St. Lawrence County voters favored President Obama over challenger Mitt Romney, 57 to 41 percent. Of the county’s 34,134 voters, 19,574 voters went wit the incumbent president, and 13,914 went with the Republican campaign. Voters also heavily favored Senator Kristen E. Gillibrand, a Democrat, over Republican challenger Wendy Long. Ms. Gillibrand won almost 70 percent of the vote, with 22,309 ballots in her favor. Mr. Long received 9,149 votes, 29 percent.

With 80 of 81 precincts reporting in St. Lawrence County, Congressman Bill Owens led Matt Doheny by a 19,191 (58 percent) to 13,453 margin. Green Party candidate Donald Hassig, Colton, received 441 votes, 1.3 percent.

A snapshot from exit polls show area voters, in many ways, mirrored national concernss. The top issue for many county voters appears to be the economy.

“We’re spending too much money because taxes are going up on everything,” said Gary B. Fuller of Massena. “We’ve got to downsize the government.”

Mr. Fuller said he is concerned about health care and social security. This appears to be a major concern among senior county voters – yet it too has voters divided.

“(Paul) Ryan’s proposal is to cut Medicare— cut programs that are important to every disabled and uninsured person in the country,” John N. Murphy, of Norfolk said.

Local voters also expressed concern over social issues, particularly same-sex marriage and abortion. Older voters were generally more supportive of Mr. Romney’s social stances, including his positions against same-sex marriage, government-funded birth-control and abortion.

Al W. DeLorenzo of Norfolk believes the Obama administration’s position on some social issues is anti-Christian and encourages people to go against the teachings of the Bible.

“I believe Romney will take a stand on moral issues,” Mr. DeLorenzo said. “I just don’t agree with sin. I believe in what the Bible teaches.”

Many area female voters said reproductive and health rights are the most important issues to them and said Obama was the best candidate on the issue.

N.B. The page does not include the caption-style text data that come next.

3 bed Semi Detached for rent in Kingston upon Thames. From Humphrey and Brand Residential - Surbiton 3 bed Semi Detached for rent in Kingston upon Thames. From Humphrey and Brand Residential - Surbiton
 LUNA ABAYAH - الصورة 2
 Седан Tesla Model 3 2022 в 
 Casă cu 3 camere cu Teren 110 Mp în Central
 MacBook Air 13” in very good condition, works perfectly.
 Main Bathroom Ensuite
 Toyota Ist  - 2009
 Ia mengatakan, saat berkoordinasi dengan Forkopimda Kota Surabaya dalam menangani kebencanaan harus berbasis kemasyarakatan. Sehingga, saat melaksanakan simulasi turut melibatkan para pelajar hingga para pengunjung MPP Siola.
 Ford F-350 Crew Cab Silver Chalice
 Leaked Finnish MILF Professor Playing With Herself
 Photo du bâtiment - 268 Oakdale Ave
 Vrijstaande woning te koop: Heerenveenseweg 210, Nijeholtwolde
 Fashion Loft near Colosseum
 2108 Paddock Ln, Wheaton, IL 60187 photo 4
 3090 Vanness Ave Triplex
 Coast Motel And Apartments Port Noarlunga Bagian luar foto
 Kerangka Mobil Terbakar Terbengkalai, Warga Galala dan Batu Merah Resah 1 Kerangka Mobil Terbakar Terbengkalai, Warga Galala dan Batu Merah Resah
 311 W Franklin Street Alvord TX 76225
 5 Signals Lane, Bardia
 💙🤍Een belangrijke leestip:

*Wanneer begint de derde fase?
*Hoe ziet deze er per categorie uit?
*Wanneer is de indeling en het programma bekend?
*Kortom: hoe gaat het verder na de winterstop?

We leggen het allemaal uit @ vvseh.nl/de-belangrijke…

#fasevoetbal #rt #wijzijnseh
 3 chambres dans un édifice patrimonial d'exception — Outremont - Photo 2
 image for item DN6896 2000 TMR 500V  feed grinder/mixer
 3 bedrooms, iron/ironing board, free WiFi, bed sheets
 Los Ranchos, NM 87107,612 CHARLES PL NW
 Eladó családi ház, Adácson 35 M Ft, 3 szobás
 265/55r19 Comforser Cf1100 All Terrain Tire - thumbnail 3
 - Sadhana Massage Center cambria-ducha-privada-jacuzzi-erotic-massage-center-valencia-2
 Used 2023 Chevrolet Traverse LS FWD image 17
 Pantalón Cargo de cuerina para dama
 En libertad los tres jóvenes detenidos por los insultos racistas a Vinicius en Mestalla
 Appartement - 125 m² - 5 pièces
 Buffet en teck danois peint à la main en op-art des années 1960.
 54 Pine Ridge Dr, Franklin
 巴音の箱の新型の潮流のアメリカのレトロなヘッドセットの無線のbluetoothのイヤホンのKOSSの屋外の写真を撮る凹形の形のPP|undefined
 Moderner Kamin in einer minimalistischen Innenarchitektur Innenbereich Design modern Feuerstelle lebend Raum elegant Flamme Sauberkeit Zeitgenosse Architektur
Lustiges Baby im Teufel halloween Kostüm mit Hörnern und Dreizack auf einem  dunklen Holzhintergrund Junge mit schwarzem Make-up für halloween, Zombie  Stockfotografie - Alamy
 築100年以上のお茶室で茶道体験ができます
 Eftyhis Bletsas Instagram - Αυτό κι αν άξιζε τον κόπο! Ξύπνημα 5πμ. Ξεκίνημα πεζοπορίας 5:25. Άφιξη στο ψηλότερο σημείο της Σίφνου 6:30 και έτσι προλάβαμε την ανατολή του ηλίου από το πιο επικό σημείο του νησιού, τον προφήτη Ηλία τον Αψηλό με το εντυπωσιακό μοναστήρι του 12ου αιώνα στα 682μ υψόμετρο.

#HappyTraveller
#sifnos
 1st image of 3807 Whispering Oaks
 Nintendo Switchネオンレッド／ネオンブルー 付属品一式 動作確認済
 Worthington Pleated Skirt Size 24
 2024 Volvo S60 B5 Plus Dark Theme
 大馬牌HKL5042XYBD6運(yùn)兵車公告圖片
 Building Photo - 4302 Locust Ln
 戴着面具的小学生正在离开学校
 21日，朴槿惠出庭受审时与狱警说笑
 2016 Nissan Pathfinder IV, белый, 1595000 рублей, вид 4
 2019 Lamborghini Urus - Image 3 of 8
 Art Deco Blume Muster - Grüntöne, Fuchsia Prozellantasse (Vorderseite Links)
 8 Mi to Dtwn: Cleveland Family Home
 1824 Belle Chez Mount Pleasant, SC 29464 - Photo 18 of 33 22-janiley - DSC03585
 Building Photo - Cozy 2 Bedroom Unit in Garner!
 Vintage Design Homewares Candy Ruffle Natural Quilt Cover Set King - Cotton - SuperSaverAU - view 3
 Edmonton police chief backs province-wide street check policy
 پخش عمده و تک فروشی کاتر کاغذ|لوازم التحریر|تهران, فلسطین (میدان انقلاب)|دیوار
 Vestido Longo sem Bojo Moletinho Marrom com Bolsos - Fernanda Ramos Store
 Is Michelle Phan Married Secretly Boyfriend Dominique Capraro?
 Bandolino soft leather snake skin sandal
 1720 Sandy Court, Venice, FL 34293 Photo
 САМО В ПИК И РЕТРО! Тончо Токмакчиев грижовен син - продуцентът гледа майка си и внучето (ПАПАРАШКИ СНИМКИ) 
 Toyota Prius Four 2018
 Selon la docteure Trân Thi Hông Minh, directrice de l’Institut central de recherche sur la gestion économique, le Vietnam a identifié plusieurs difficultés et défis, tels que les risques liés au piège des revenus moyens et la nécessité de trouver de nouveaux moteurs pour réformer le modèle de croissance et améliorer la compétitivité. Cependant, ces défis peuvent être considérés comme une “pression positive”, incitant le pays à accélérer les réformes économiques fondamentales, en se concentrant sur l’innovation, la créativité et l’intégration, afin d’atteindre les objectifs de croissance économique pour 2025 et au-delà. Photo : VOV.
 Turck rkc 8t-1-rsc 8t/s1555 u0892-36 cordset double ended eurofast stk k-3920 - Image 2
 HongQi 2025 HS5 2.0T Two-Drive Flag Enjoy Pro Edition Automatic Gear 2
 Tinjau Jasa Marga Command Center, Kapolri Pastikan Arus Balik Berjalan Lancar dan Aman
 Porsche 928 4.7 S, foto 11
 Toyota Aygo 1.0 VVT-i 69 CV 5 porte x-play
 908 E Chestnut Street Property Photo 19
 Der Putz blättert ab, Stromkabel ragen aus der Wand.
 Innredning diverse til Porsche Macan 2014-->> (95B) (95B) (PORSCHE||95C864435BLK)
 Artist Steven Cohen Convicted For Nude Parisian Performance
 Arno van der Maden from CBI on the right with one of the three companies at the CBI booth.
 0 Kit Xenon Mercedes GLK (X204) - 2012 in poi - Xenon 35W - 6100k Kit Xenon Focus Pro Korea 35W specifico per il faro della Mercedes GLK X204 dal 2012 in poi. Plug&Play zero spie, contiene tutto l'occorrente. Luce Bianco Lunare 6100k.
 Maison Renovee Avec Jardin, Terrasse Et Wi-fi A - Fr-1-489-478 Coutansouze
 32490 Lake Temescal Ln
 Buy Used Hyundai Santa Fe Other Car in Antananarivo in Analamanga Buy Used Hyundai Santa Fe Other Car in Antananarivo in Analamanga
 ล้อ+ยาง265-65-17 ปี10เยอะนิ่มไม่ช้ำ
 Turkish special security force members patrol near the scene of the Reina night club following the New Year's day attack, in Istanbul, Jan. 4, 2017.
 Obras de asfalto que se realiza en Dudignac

“I believe women have the individual right to choose, and women’s rights are more important under an Obama administration,” Mr. Murphy said.

Another major, and divisive issue among area voters, is government support for education.

Shanequa A. Nurse, a SUNY Potsdam student who grew up in the Bronx, said she wants a president who makes higher education more affordable and provides more funding for public schools.

Others disagree. Elizabeth Beauvais of Massena said she believes the government should direct more funding to creating jobs than to making higher education more affordable.

“Working through college isn’t a bad thing,” Ms. Beauvais said. “Students get a free ride from the government, and there are no jobs when they get out of college.”

Some voters ackowledged that while the economy is still weak, the leaders in place might still be the best ones to reverse the nation’s problems.

“I think the people in place are doing their best,” Mr. Murphy said. “We need a president with a sense of humanity and understanding and who focuses on the needs of the 99 percent rather than the 1 percent.”